**TASK BRIEF:** Instruction for the entries that follow: retype exactly the lines from the line with "Hi, my name" to the line with "The gray harness", both included, and omit all others.
─── ENTRIES PROVIDED ───
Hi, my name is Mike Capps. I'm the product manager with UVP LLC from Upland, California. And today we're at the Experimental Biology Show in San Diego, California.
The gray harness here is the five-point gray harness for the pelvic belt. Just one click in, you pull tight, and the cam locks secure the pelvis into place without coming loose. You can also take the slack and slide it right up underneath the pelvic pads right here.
───
─── ENTRIES PROVIDED ───
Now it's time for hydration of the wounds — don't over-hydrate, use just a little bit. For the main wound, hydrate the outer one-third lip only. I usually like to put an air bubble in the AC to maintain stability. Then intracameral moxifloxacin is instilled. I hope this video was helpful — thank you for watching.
───
─── ENTRIES PROVIDED ───
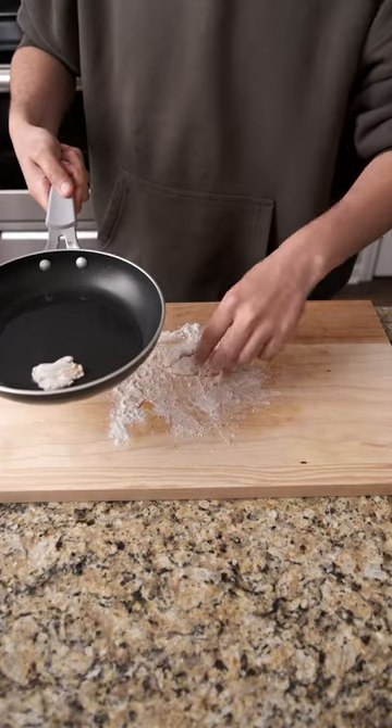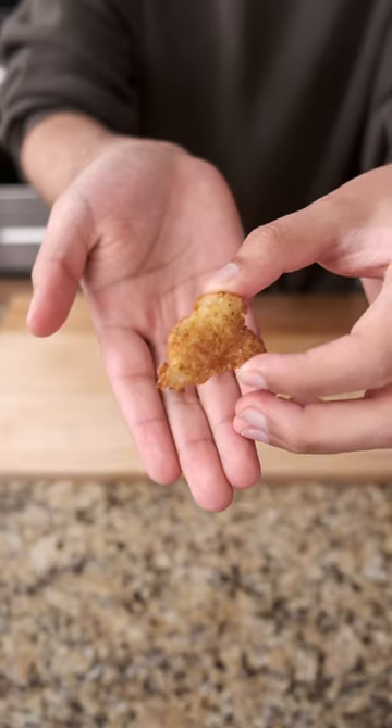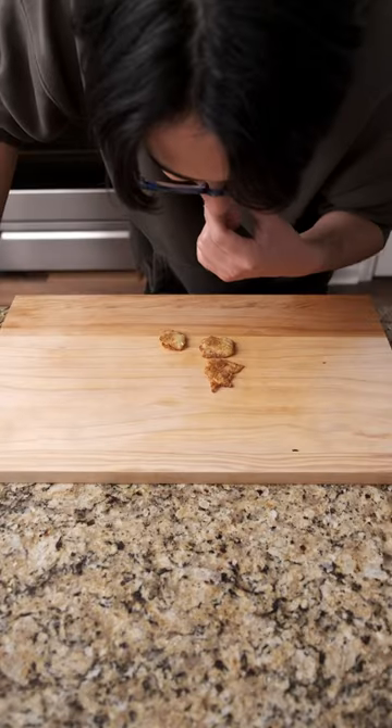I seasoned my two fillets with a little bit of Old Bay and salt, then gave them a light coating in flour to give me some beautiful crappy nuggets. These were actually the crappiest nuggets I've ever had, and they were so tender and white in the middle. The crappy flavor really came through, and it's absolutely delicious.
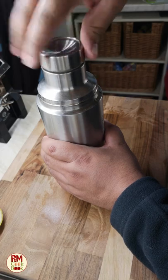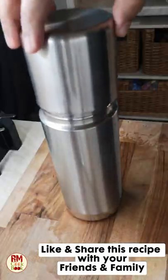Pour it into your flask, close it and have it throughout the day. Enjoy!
───
**EXERCISE RESULT:**
Hi, my name is Mike Capps. I'm the product manager with UVP LLC from Upland, California. And today we're at the Experimental Biology Show in San Diego, California.
The gray harness here is the five-point gray harness for the pelvic belt. Just one click in, you pull tight, and the cam locks secure the pelvis into place without coming loose. You can also take the slack and slide it right up underneath the pelvic pads right here.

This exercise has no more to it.